If deciding what you want to do, ask what'll make the man in the mirror proud of you, 'cause without his approval this much is true: The praise of your peers shall fall on deaf ears. When you step through your luxury apartment's door, you shall not feel any less poor. You shall throw away profit's benedictions, to find succor in your old addictions. No love from friend or wife, shall fill the void in your soulless life.


tsoli said:
After over a year of bitching about the lack of decent Mexican food in Chicago, I found a place that's legitimately pretty good by my spoiled Austinite standards

As a fellow denizen of the Southwest, I legit feel for you, worst part of being in DC was the lack of real Mexican food. The food of the poor and working classes, the kinda places where English is a second language. It's like oxygen.

tsoli said:
$2 tacos, full dinner plates for $6-7.

Yeah man, that's what I'm talking about.

tsoli said:
Oh, and it's open 24/7

*stares accusingly* Chain restaurant?
 
Nope!
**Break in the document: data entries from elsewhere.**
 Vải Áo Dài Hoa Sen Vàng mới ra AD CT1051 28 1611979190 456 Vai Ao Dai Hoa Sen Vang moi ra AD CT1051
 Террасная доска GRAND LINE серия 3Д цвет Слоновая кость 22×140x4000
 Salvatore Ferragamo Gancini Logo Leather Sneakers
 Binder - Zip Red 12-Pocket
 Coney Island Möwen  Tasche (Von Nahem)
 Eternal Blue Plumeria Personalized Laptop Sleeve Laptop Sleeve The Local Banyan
Local hole in the wall joint with the unassuming name "Taco & Burrito Express."

Got their amazing chicken enchilada plate again (3 big enchiladas with lots of meat and cheese, lots of rice and beans, and some awesome salsa verde on the side to add some heat)... And a $1.49 side of chips and salsa that turned out to be a brown paper bag full of fresh made chips and a giant tub of fresh made salsa. I can't believe I've lived here for over a year and until last week the best taco joint I knew of was this awful place with gristly low grade meat, pools of grease everywhere, and sauces that either have no spice at all or peppers without any of the seeds removed D: Plus, I think that place gave me food poisoning at least once.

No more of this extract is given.